Doris Kenyon, the film beauty who spent eight weeks amid the snows of Saranac Lake making the big eight-reel production, "The Great White
Trail
" being produced by the Whartons. Photograph courtesy of  Ithaca Made Movies
Born: September 5, 1897

Died: September 1, 1979

Married: Milton Sills, Arthur Hopkins, Albert D. Lasker, Bronislaw Mlynarski

Doris Kenyon was an American film and television actress from Syracuse, New York.  One of her early films, The Great White Trail, was shot in Saranac Lake in 1917.  She was the sister of Raymond Kenyon, an Assemblyman of Ausable Forks, New York.

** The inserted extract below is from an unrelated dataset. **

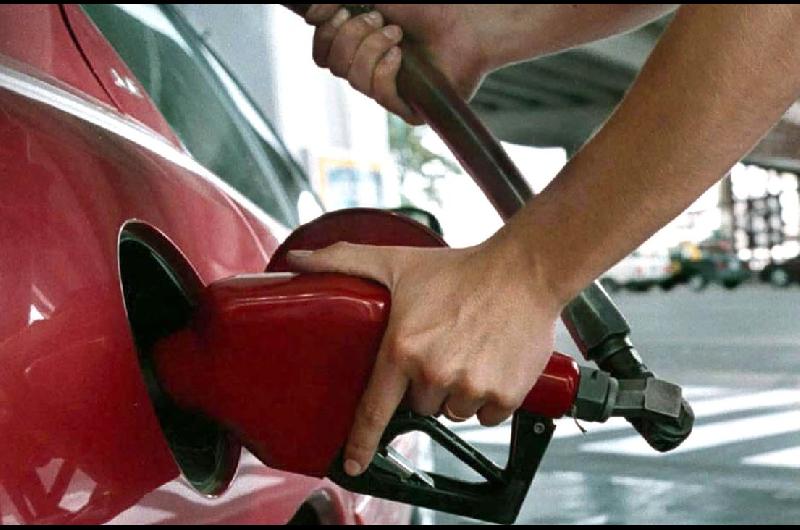 La venta de combustibles volvioacute a caer en agosto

Malone Farmer, March 28, 1917

Saranac Lake has been frequently visited by movie picture companies this winter. They use that section to put Alaskan and Alpine scenes on the screen. The other day a company of 40 movie stars camped down at the St. Regis Hotel to make pictures. In a "gold seekers" hunt in a scenario entitled "The Great White Trail" developed at Saranac Lake the past week, over 100 Saranac Lake woodsmen took part and two Saranac Lake men were impressed into service as leading characters, D. T. Buckley taking the part of a general bully and rowdy of the North Country, and Henry Duffin playing the part of a U. S. Marshal. Buckley tries to shoot up a mining saloon and the marshal tries to arrest him, but he escapes. Doris Kenyon, the charming sister of Assemblyman Kenyon, of Essex county, is the heroine of the play and was in Saranac Lake when the film of another scenario shown in Malone a couple of weeks ago, in which she was the heroine, was shown in Saranac Lake. As a special favor she appeared on the stage there In the Pontiac Theatre at the close of the picture play. She was formerly on the legitimate stage, but has since become one of the leading favorites of the screen. For the staging of Arctic scenes Saranac Lake is unsurpassed.